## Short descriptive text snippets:
--- START ---

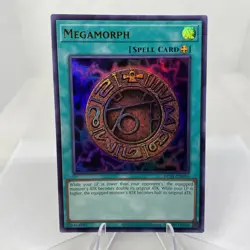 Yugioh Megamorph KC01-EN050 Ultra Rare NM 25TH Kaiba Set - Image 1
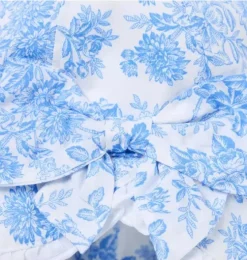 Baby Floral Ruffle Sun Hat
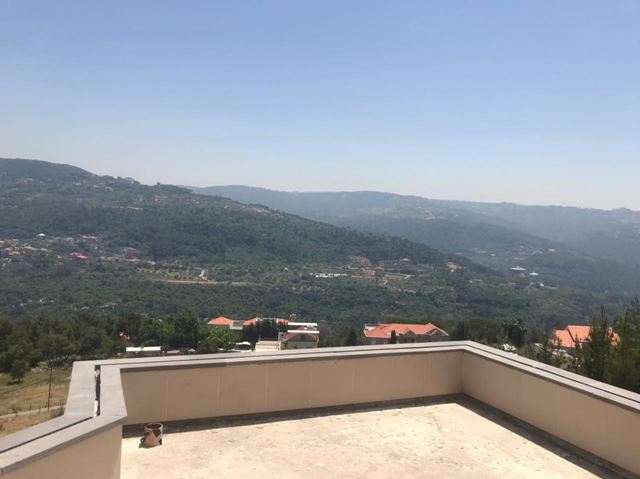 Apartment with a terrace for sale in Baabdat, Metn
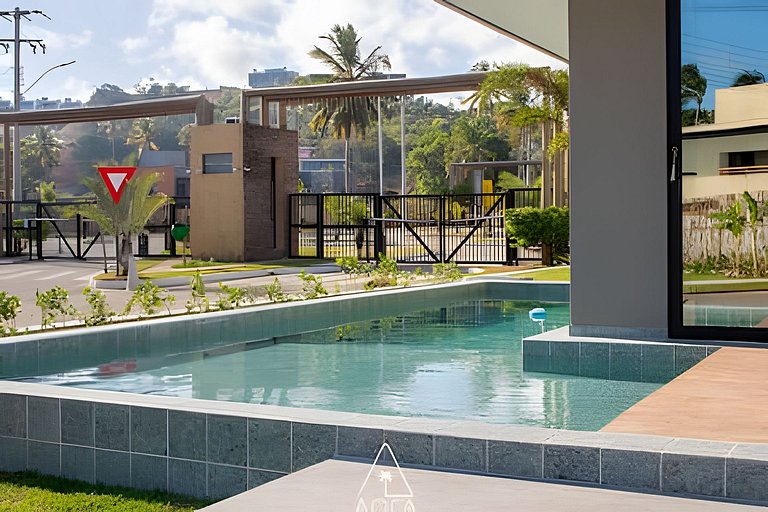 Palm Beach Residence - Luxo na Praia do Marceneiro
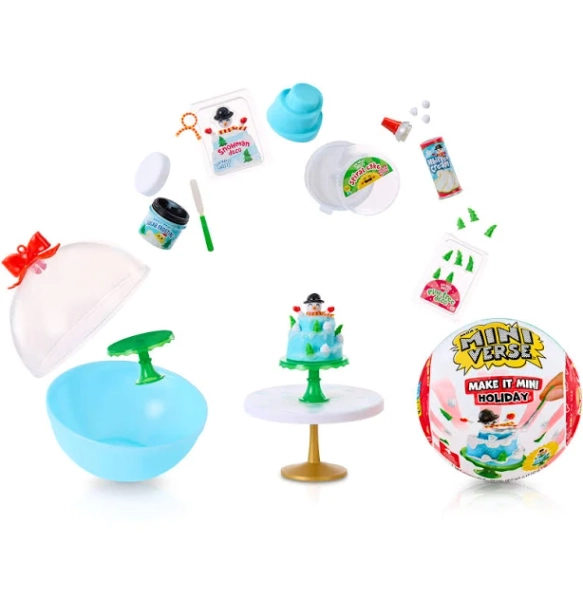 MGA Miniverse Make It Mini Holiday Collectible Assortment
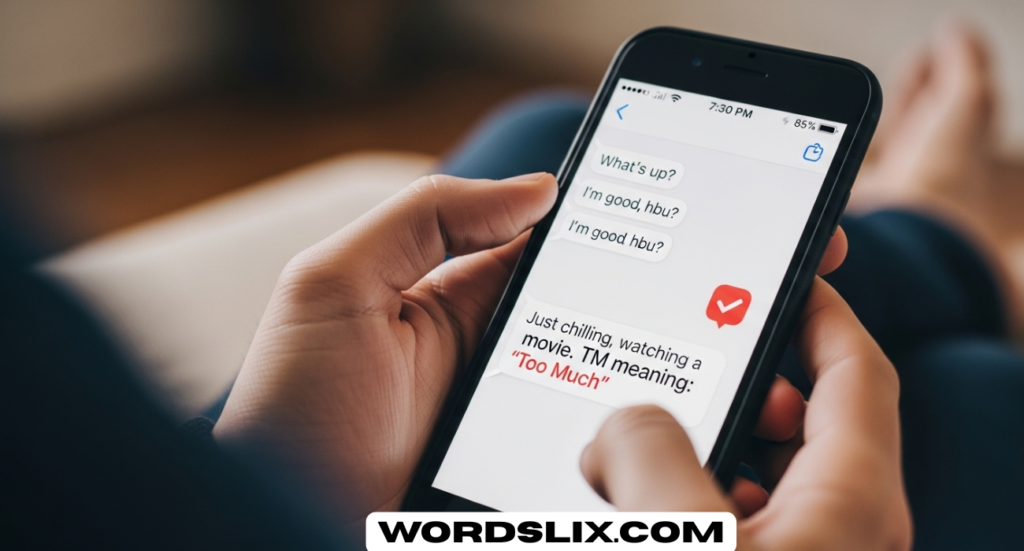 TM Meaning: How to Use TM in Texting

--- END ---
--- START ---

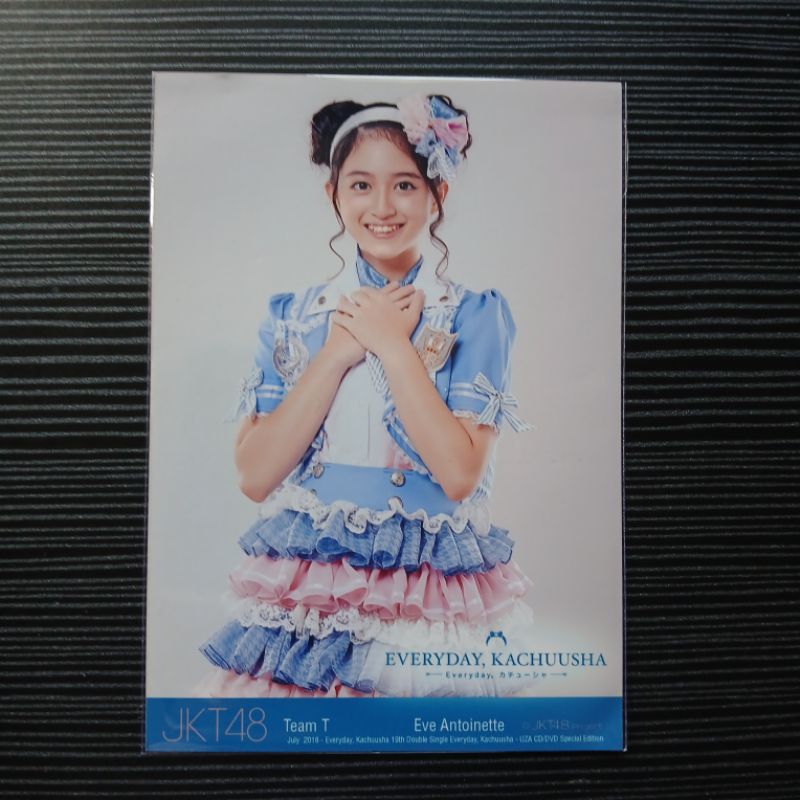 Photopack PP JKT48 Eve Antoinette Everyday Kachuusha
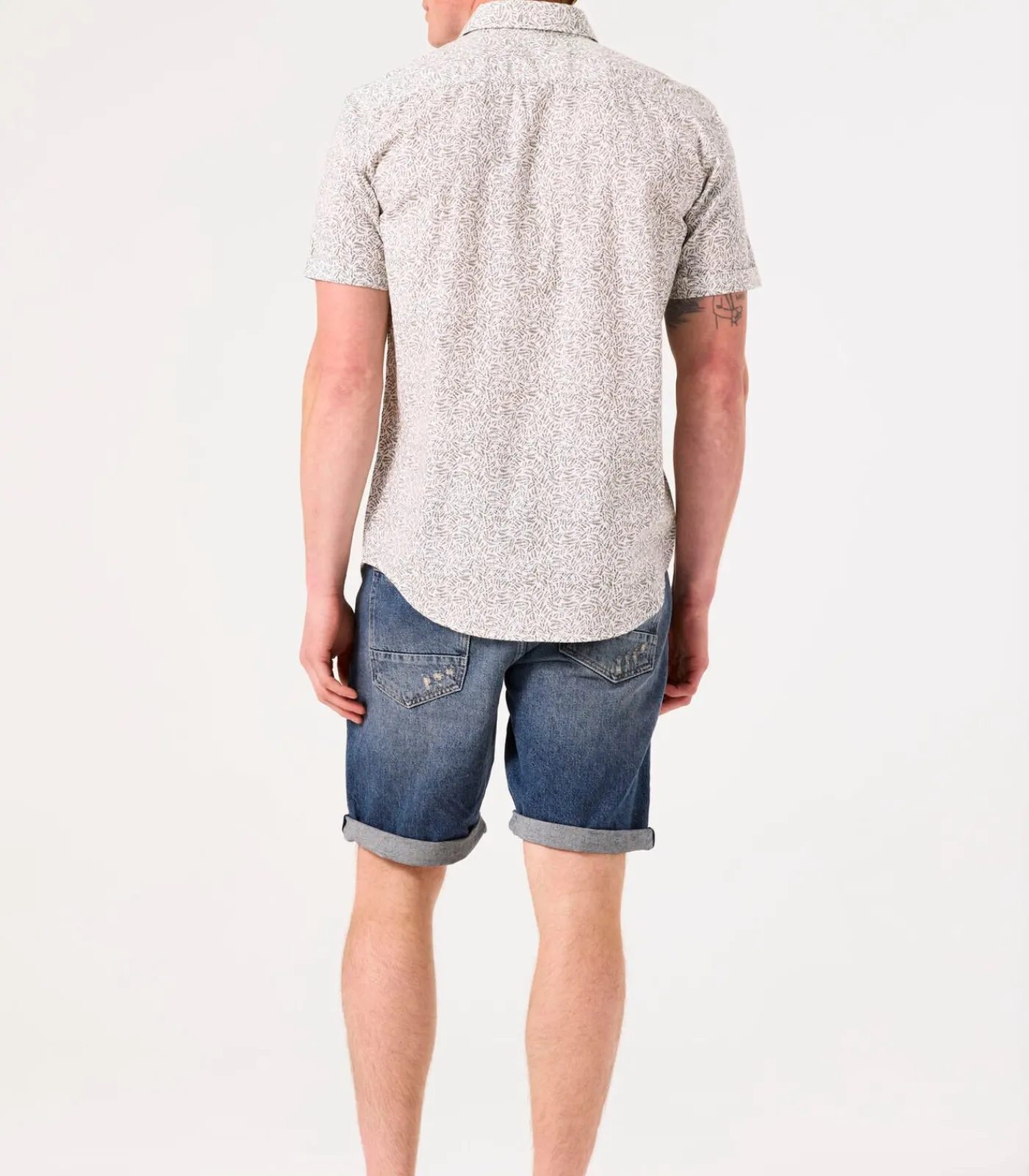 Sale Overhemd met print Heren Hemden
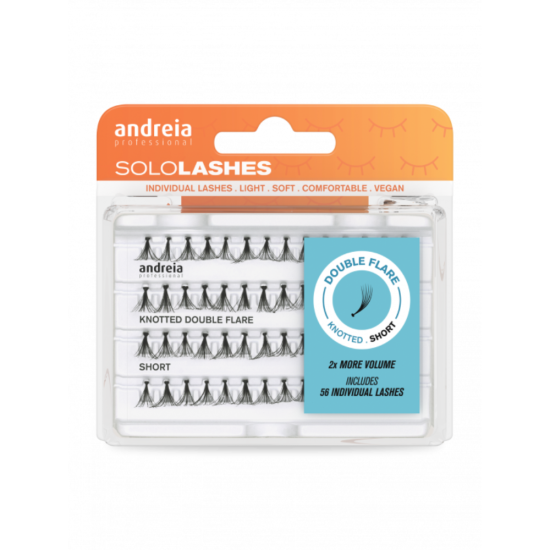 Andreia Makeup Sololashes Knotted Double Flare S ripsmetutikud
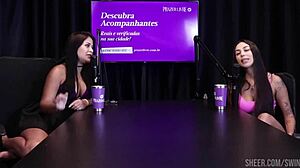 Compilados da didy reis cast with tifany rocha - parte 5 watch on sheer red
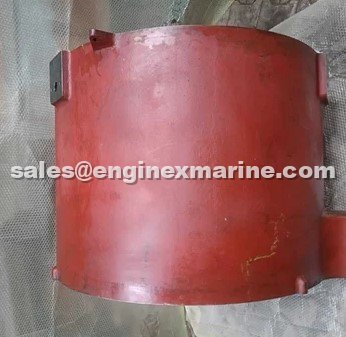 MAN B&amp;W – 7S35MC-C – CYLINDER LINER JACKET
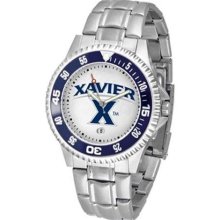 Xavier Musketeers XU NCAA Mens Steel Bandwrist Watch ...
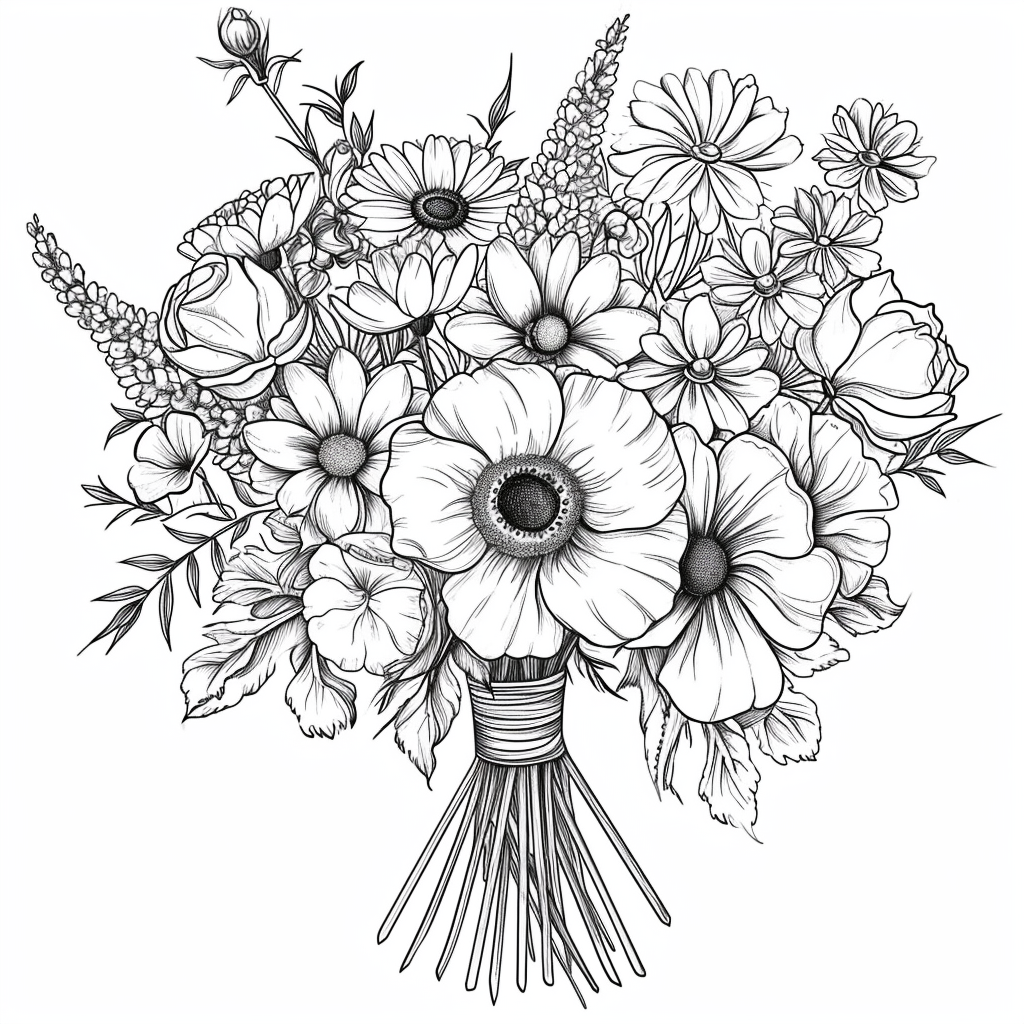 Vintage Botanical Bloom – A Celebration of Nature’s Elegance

--- END ---

## PROBLEM TO WORK ON:
Return, exactly as they stand, the lines above from the one with "MAN B&amp;W –" to the one with "Vintage Botanical Bloom", omitting any pictures among them.

## WRITTEN ANSWER:
 MAN B&amp;W – 7S35MC-C – CYLINDER LINER JACKET
 Xavier Musketeers XU NCAA Mens Steel Bandwrist Watch ...
 Vintage Botanical Bloom – A Celebration of Nature’s Elegance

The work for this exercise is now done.